Kuaishou Unveils Groundbreaking “Image-to-Video” Feature in Keling Model
Kuaishou recently upgraded its Keling generative model, introducing the innovative "Image-to-Video" feature. This function empowers users to convert static images into captivating 5-second videos while allowing control over movement effects through specific prompts. Moreover, the update includes a video continuation feature, enabling users to extend videos in 5-second increments, ultimately creating content up to 3 minutes long.
The "Image-to-Video" capability utilizes a sophisticated analysis of uploaded images, transforming them into dynamic 5-second clips. Leveraging its advanced 3D spatio-temporal attention mechanism, Keling excels in generating intricate motion scenarios, ensuring a smooth transition from still images to lively video content. The integration of prompt technology enhances the model's understanding of image semantics and user intentions, allowing for personalized, dynamic representations based on varied text inputs. This synergy between text and imagery significantly enhances Keling's storytelling potential.
Keling accommodates a wide range of input styles, supporting both realistic and stylized images across different aspect ratios. A notable aspect of this update is the video continuation feature, which allows users to expand their initial 5-second video—created through either "Text-to-Video" or "Image-to-Video" modes—into longer formats. This feature seamlessly integrates with the text control mechanism, fostering creative expression through diverse prompts and ensuring smooth transitions between video segments.
Launched on June 6, the Keling video generation model initially rolled out the "Text-to-Video" capability, demonstrating performance comparable to top-tier technologies. It is currently available for testing on the Kuaishou App, with around 140,000 users poised to engage with the feature.
Keling's potential extends to captivating applications such as the upcoming "AI Dance King," which will enable users to upload full or half-body photos to instantly generate dance videos. Additionally, the forthcoming "AI Singing and Dancing" feature will allow users to create both singing and dance videos from a single image, capturing facial expressions and body movements.

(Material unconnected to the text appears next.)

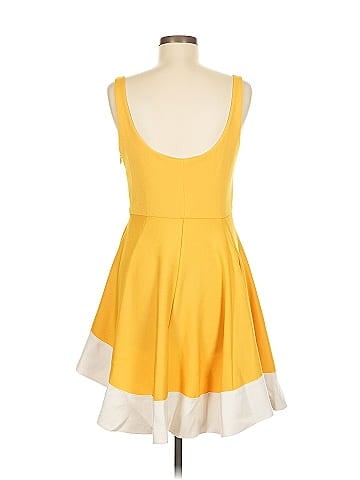 Esteban Cortazar Casual Dress (view 2)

Developed by Kuaishou's AI team, the Keling model merges Sora-like technology with proprietary innovations, offering 1080p resolution videos lasting up to 2 minutes at 30 fps, along with customizable aspect ratios. Kuaishou continues to strengthen its AI capabilities, having introduced the large language model "Kuaiyi," featuring 175 billion parameters, as well as the text-to-image model "Ketu" and key innovations like Direct-a-Video, Video-LaViT, and I2V-Adapter.